** Opening Task input block **

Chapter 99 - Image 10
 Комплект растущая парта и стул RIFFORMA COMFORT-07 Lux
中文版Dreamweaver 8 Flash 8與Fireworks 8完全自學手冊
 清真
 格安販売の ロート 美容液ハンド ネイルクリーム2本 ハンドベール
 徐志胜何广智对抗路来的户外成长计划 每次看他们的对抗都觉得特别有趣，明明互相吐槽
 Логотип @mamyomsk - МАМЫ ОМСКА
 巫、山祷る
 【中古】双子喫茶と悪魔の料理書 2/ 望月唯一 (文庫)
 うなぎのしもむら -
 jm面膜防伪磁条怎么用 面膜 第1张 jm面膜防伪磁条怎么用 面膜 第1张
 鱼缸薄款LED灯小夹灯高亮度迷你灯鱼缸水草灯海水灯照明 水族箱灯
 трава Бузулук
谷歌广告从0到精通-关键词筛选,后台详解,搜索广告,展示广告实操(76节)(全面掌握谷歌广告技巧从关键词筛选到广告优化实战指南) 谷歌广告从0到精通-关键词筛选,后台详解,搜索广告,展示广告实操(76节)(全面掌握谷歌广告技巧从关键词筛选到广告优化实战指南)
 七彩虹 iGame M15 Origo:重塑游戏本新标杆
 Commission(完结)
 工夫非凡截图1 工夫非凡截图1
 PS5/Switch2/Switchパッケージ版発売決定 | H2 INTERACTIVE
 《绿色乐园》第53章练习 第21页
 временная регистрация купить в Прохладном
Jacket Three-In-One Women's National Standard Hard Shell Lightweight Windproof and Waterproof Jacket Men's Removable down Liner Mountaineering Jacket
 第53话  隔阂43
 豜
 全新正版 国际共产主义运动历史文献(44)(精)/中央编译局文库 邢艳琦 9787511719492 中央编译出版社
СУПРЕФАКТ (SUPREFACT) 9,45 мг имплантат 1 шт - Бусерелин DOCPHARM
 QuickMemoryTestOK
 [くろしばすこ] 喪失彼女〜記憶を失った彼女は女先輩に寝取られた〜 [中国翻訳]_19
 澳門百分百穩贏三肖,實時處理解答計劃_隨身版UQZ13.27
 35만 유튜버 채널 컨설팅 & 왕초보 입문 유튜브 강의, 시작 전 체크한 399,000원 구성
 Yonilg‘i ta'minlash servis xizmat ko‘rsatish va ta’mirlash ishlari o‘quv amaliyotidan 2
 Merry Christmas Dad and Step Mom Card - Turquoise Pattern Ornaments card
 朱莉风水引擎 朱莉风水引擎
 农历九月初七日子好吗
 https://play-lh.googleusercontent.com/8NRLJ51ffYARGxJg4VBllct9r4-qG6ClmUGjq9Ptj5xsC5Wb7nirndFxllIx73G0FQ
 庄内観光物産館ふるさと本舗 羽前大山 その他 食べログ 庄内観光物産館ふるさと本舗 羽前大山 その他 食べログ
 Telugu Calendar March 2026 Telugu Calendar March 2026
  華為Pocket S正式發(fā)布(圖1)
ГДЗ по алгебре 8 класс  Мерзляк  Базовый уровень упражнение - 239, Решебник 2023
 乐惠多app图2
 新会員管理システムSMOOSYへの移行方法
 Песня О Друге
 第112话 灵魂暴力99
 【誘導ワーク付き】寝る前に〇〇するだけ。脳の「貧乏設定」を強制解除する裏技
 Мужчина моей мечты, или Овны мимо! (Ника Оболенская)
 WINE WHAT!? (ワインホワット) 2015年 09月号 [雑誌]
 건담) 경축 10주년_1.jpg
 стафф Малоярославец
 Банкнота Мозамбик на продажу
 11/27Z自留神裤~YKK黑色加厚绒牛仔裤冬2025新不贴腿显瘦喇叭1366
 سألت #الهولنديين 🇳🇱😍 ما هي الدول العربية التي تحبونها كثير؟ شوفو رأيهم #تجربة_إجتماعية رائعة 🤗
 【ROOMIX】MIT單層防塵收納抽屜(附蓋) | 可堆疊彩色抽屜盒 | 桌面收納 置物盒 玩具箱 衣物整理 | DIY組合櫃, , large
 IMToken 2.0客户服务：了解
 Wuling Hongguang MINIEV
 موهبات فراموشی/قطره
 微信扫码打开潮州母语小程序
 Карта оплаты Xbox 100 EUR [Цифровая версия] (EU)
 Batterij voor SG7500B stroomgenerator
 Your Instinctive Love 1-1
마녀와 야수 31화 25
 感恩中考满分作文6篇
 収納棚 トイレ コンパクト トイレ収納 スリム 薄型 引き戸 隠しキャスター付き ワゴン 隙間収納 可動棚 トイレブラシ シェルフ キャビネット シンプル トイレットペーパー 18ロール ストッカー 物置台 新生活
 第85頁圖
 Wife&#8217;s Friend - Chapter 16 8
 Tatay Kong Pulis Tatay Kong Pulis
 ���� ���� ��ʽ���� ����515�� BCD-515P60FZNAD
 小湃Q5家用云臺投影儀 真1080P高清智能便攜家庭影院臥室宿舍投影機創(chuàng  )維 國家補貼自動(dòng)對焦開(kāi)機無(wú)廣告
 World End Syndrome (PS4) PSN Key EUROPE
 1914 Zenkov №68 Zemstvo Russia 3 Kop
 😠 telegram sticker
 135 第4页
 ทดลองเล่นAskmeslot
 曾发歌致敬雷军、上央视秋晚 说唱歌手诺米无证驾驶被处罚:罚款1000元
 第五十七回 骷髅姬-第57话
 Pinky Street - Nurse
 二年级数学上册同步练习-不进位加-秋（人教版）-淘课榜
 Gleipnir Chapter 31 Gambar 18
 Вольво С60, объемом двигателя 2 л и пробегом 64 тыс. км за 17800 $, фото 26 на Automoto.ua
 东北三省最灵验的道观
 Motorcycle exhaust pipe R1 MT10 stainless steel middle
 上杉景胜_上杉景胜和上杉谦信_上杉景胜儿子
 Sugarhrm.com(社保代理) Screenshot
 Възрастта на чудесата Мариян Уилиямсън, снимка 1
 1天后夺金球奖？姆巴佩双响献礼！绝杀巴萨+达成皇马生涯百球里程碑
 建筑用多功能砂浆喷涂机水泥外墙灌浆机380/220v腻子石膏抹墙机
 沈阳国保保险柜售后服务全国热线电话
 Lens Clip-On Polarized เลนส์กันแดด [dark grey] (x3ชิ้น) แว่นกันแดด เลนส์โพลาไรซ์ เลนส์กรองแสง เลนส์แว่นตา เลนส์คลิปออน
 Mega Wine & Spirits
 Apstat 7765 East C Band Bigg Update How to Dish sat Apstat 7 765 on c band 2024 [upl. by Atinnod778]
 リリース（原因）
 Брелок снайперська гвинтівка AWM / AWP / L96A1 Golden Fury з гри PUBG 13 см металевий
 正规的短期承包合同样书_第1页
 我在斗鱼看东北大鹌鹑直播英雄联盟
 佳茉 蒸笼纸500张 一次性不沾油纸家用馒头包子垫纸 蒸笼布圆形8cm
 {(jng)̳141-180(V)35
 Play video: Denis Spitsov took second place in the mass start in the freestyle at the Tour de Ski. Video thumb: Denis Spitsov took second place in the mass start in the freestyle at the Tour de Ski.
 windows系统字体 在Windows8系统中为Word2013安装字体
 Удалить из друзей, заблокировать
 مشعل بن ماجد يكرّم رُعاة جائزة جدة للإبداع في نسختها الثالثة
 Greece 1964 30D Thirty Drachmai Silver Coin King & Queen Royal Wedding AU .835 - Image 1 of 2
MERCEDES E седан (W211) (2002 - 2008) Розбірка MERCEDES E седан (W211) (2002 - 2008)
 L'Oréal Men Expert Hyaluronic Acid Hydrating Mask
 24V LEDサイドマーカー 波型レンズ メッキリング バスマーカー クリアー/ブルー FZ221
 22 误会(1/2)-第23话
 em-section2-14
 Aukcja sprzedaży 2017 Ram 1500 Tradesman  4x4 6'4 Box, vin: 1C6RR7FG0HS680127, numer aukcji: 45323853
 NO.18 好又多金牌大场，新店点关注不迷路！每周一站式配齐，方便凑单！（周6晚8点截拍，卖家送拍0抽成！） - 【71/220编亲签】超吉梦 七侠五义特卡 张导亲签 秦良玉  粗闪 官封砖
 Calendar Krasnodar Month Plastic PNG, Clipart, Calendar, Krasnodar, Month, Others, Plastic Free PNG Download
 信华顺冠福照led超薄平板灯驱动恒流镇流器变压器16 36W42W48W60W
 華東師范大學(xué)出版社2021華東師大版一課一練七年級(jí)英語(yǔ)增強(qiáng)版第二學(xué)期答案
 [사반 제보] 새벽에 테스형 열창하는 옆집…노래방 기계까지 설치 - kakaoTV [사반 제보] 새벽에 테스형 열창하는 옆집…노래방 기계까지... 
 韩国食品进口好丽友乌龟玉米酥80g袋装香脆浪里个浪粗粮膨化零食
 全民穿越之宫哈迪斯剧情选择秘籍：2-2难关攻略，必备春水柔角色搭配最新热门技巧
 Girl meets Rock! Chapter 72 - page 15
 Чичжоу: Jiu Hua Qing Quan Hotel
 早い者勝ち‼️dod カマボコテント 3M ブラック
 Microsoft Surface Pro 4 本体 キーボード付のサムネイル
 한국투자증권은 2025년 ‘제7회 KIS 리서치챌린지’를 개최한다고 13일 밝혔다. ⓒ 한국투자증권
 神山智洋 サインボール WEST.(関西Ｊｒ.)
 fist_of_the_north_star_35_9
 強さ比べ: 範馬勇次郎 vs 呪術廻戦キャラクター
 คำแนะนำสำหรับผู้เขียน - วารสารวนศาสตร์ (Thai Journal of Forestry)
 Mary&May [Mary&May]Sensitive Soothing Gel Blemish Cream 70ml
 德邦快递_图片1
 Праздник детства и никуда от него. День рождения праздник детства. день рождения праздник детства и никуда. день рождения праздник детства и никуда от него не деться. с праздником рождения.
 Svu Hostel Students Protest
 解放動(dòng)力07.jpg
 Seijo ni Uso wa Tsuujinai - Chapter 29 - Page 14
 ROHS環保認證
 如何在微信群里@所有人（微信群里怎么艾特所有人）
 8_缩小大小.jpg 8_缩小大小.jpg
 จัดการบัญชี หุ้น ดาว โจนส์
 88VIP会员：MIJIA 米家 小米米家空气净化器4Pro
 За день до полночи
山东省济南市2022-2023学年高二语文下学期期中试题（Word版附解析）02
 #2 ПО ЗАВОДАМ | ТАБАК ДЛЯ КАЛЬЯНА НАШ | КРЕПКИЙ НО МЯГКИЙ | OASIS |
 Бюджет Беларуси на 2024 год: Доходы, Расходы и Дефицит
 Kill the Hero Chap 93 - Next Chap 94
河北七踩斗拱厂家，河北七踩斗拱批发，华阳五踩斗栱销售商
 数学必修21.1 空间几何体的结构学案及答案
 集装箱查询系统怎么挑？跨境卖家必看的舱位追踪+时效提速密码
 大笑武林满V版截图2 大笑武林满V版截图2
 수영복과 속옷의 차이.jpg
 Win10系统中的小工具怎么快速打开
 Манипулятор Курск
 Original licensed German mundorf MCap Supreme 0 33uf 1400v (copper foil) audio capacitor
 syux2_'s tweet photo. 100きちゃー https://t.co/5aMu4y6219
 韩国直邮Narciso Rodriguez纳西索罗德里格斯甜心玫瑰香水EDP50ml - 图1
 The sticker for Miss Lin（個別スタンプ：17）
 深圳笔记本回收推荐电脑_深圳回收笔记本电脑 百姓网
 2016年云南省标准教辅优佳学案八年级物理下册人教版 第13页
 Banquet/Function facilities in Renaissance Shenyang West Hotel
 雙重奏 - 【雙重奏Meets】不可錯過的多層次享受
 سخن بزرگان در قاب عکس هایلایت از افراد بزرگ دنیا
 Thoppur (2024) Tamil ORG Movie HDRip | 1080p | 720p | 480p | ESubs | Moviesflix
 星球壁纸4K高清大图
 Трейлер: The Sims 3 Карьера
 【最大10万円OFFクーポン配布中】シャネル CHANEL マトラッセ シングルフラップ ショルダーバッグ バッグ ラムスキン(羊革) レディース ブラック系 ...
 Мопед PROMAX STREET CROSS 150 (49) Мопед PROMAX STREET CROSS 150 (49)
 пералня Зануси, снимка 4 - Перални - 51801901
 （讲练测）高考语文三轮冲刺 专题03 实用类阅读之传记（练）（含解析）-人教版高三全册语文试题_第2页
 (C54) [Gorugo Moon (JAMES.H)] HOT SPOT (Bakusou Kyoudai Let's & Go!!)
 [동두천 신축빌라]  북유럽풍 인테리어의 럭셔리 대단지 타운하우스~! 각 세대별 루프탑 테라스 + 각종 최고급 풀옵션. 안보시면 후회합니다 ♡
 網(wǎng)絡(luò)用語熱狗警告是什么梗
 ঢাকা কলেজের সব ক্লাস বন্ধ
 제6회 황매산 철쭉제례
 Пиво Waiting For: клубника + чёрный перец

** Closing Task input block **

● **Your objective**
With "dòng" as the string to find, copy every line of the records that holds it.

● **Response area**
 小湃Q5家用云臺投影儀 真1080P高清智能便攜家庭影院臥室宿舍投影機創(chuàng  )維 國家補貼自動(dòng)對焦開(kāi)機無(wú)廣告
 解放動(dòng)力07.jpg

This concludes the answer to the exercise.